Newsagent, Spitalfields (1966) -“I said, ‘Shame about Walt Disney dying, can I take your picture next to it?’ and he said, ‘Alright.'”

Selling Shoes, Spitafields (1963) – “My dad used to tell me what his dad told him, ‘If you’ve got a good pair of shoes, you own the world.'”

Strudel, E2 (1962) – “You’ll like this, boy!’ I had just taken a photograph outside this lady’s shop. I said, ‘I think your window looks beautiful.’ and she asked me in for a slice of apple strudel. It was fantastic!  But she would not accept any money, it was a gift. She said, ‘You took a picture of my shop.'”

Number 92, Spitalfields (1964)

Tubby Isaac’s, Spitalfields (1982) – “Aaahhh Tubby’s, where I’ve had many a fine eel.”

Junkyard Dog, E16 (1982) – “I was climbing over the wall into this junkyard.  All was quiet, when I noticed this pair of forbidding eyes – then I made my exit.”

Photographs copyright © John Claridge

You may also like to take a look at

John Claridge’s East End

Along the Thames with John Claridge

At the Salvation Army with John Claridge

Signs, Posters, Typography & Graphics

6 Responses leave one →
  1. Yutman permalink
    June 5, 2022

    I worked in this area in the mid-80s, hard work, long hours, in an impoverished sweat shop, and it looked just as poor and downbeat as these pictures depict.

    Hard times.

  2. Mary permalink
    June 5, 2022

    John Claridge’s images are superb. Many so called celebrity photographers have tried to capture the East End, but none come close to John’s mastery, and I think G.A. hits on the reason why – his subjects knew he was one of them. I never tire of his photographs.

  3. Cherub permalink
    June 5, 2022

    I’ll bet the gift of apple strudel was delicious!

  4. June 6, 2022

    As always with John’s photographs, a trip down memory lane to the East End I knew and loved.
    Both it and those characters have mostly gone forever….

  5. Yutman permalink
    June 7, 2022

    ”Both it and those characters have mostly gone forever….”
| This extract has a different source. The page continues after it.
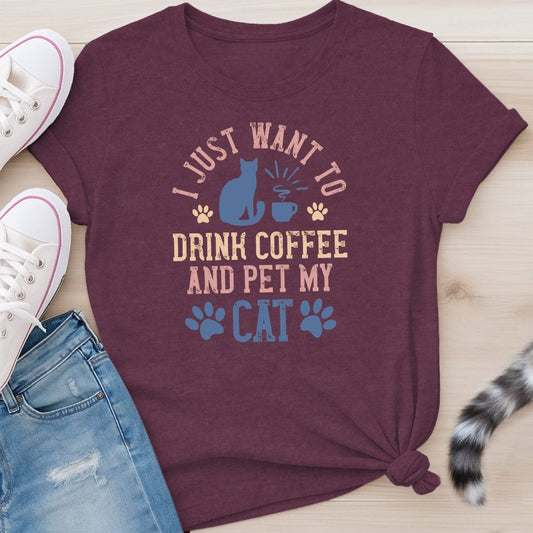 COFFEE AND MY CAT T-SHIRT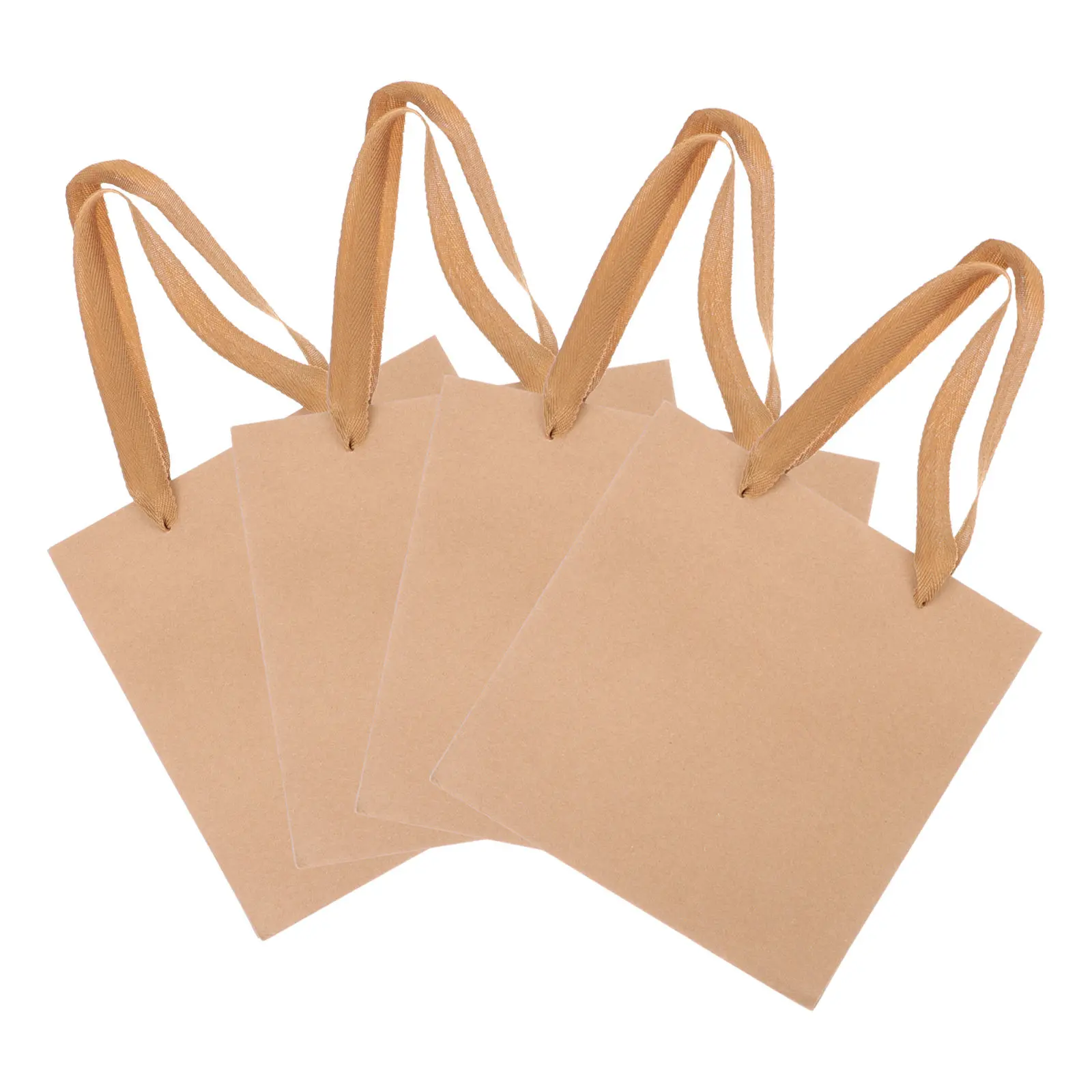 Paquete de 4 Bolsas de Papel Kraft Grueso Premium, Resistentes al Aceite y al Agua, para Almacenamiento de Alimentos, Regalos, Pan, Dulces, Chocolate, Panadería y Cafetería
    Indeed, that seems partly true — but not entirely — speaking as someone who worked in the lowest rungs, the poorest levels of the underclass in these areas, in sweat shops and warehouses, barely making enough to buy the most basic of food ( bread, milk) and to struggle to pay fifty pence into the gas metre, I know there’ll always be strugglers in the hidden underside of London…I recognise all these people from the 50s and 60s, because I ‘knew them all’ in different bodies, but just as poor bodies, in the 1980s.

    I recognise my own role and presence, and that of my friends, in all these pictures.

    I just thank the Lord ( or whatever Spinozan presence is aware of us) that I made it through — not all my companions did.

    And that is not at all cheap bluster, rhetoric or hyperbole : the underbelly of London is a cruel and unforgiving place.

    I will never forget my years there, because I see it in my dreams all these decades later. Being poor either destroys a person, dulls their wits, or makes them conscious, sharpens their sensitivities, even politicises them in ways they can never forget.

  6. Peter J Washington permalink
    June 9, 2022

    Dear Yutman, well spoken words, they invoke such feelings of those times, not so far removed from Dickens time.
    An England showing its underbelly of class and poverty, who cared for them,…. only themselves, and sense of their community.